All The Ice on Earth May Be Melting

In several recent surveys, researchers have concluded that the Earth's ice levels are decreasing at an alarming rate and must be taken into account.

Earth’s ice is melting faster today than it was in the 1990s, new research suggests, as climate change nudges global temperatures ever higher. Altogether, an estimated 28 trillion metric tons of ice have melted away from the world’s sea ice, ice sheets, and glaciers since the mid-1990s. Annually, the melt rate is now about 57% faster than it was three decades ago, scientists report in a study published Monday in the journal The Cryosphere.

“It was a surprise to see such a large increase in just 30 years,” said co-author Thomas Slater, a glaciologist at Leeds University in Britain. While the situation is clear to those depending on mountain glaciers for drinking water, or relying on winter sea ice to protect coastal homes from storms, the Earth’s ice melt has begun to move attention far from frozen regions, Slater noted.

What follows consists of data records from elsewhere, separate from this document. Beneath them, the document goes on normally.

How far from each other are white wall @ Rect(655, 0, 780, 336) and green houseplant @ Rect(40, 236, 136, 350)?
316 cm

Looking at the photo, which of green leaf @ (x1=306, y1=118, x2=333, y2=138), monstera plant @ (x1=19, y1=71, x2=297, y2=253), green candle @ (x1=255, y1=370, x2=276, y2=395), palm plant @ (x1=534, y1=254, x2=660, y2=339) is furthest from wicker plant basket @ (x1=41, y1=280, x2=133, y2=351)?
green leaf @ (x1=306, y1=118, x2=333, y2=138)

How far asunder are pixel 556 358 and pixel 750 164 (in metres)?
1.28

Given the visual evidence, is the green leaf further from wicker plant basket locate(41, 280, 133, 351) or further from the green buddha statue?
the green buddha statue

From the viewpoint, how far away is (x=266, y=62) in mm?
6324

Aside from being captivated by the beauty of polar regions, “people do recognize that, although the ice is far away, the effects of the melting will be felt by them,” he said. The melting of land ice, on Antarctica, Greenland, and mountain glaciers has added enough water to the ocean during the three-decade time period to raise the average global sea level by 3.5 centimeters. Moreover, ice loss from mountain glaciers accounted for 22% of the annual ice loss on Earth, which is astonishing considering it accounts for only about 1% of all land ice on the land, Slater stated.

Across the Arctic, sea ice is also decreasing to new lows. Last year saw the second-lowest sea ice extent in more than 40 years of satellite monitoring. As sea ice vanishes, it exposes the dark water which absorbs solar radiation, instead of reflecting it back out of the atmosphere. This phenomenon, known as Arctic amplification, boosts regional temperatures even further and has been damaging the Earth’s atmosphere. The global atmospheric temperature has risen by about 1.1 degrees Celsius since pre-industrial times. But in the Arctic, the warming rate has been more than twice the global average in the last 30 years.

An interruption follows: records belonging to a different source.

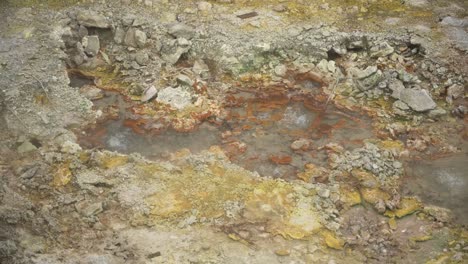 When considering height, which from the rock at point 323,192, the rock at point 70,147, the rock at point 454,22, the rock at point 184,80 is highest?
the rock at point 454,22

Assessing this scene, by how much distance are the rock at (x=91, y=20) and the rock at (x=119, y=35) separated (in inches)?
6.9

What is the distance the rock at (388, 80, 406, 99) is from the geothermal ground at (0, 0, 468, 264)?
0.02 m

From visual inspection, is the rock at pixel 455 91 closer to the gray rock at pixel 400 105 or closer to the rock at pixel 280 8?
the gray rock at pixel 400 105

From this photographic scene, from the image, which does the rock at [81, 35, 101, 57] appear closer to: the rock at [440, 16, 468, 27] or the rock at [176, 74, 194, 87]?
the rock at [176, 74, 194, 87]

Calculating even an estimated ice loss total from the Earth’s glaciers, ice sheets, and polar seas is “a really interesting approach and one that’s actually quite needed,” said geologist Gabriel Wolken with the Alaska Division of Geological and Geophysical Surveys. In Alaska, people are “keenly aware” of glacial ice loss, Wolken said. “You can see the changes with the human eye.” Research scientist Julienne Stroeve of the National Snow and Ice Data Center in Boulder, Colorado noted the study had not included snow cover over land, “which also has a strong albedo feedback”, referring to a measure of how reflective a surface is.